Specifically, when a user clicks on a link or selects some other
control requesting more information about an individual analysis
algorithm 344, the tutorial UI 342 may invoke the corresponding
analysis algorithm UI 343, and may receive user input and events
from the analysis algorithm UI 343.
[0075] The analysis algorithms 344 are at the heart of the data
analysis software 340. There are many well known data analysis
algorithms, and there are many well known data layout presentation
algorithms such as Distributed Recursive Graph Layout ("DrL") and
its variations. Data analysis algorithms 344 may include custom
algorithms for data analysis, including network analysis. Data
analysis algorithms 344 may include operations that do not
necessarily perform analysis on the data analysis model stored in
system database 320 directly but may perform supplementary
statistical operations or other related functions in support of
data analysis. Accordingly, a data analysis algorithm is
potentially any algorithm that performs some operation on the data
analysis model or provides intermediate functions to enable
operations on the data analysis model.
[0076] Special algorithms to support the operation of data analysis
algorithms are converters 345. Data analysis engine 341 determines
whether the output of a data analysis algorithm 344 is compatible
with the input of another data analysis algorithm 344. If it is not
compatible, data analysis engine 341 automatically determine the
output and input formats, and selects a converter 345 that is able
to convert the output format into a compatible input format. The
converter 345 need not convert the output of a data analysis
algorithm 344 to the precise format expected by the input of the
data analysis algorithm to be pipelined with. For example, an input
may preferentially require a comma separated variable file but may
accept a simple text file. If a converter to a comma separated
variable file is not available, then a converter to a text file may
be selected by the data analysis engine 341 instead. Converters 345
can also apply to the structure of the data output as well. If
necessary, the data analysis engine 341 may select multiple
converters 345 to change the output format into the correct input
format. For example, a first converter may change text output to
fixed position format, and the fixed position format then converted
to comma separated variable. Thus converters 345 may potentially be
pipelined as well.
[0077] Queries can be performed against the data analysis model
either by applying data analysis algorithms 344 via the data
analysis engine 341, or by refining the data analysis via the data
visualization and data exploration software 350 or in combination
with each other in various stages. This state is stored either in
the system database 320 or alternatively persisted locally on the
client 250 or 260. The state to be able to reproduce a query, any
associated reporting, or the query result may be exported by the
query exporter 346. The query exporter 346 may export a backup, or
may apply encryption or compression to some or all of the query,
supporting data, and query result. Thus a user, who goes through
the effort to (1) develop a detailed pipeline of algorithms, (2)

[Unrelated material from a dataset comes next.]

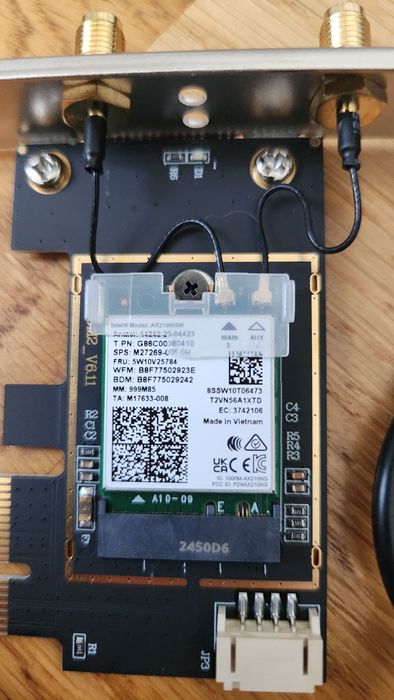 Оригінальний 3х діапазонний WiFi 6E модуль Intel AX210 (AX210NGW)BT5.3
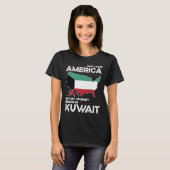 T-shirt Né Koweit Koweit Américain Citoyenneté Etats-Unis (Devant entier)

apply converters, (3) create a query result, and (4) develop
complex reports, may not only save this work but also share the
work with others. Accordingly, the persisted queries, supporting
data, and query result may be distributed and sold over the
information market.
[0078] Data visualization and data exploration software 350 allows
the result of a data analysis to be viewed and manipulated. The
manipulation may include modifying how the query result is
graphically presented, modifying the underlying result data, or
even modifying the underlying query and data analysis algorithms
itself. Accordingly, any state of the graphical presentation of the
data visualization software 350 or of the manipulations made with
the data exploration software 350 may be persisted in system
database 320 and exported via query exporter 346. Data
visualization and data exploration may be performed on either
offline or online data analysis results. Data exploration is
particularly powerful when performed online as the user may perform
modifications based on questions raised by previous modifications.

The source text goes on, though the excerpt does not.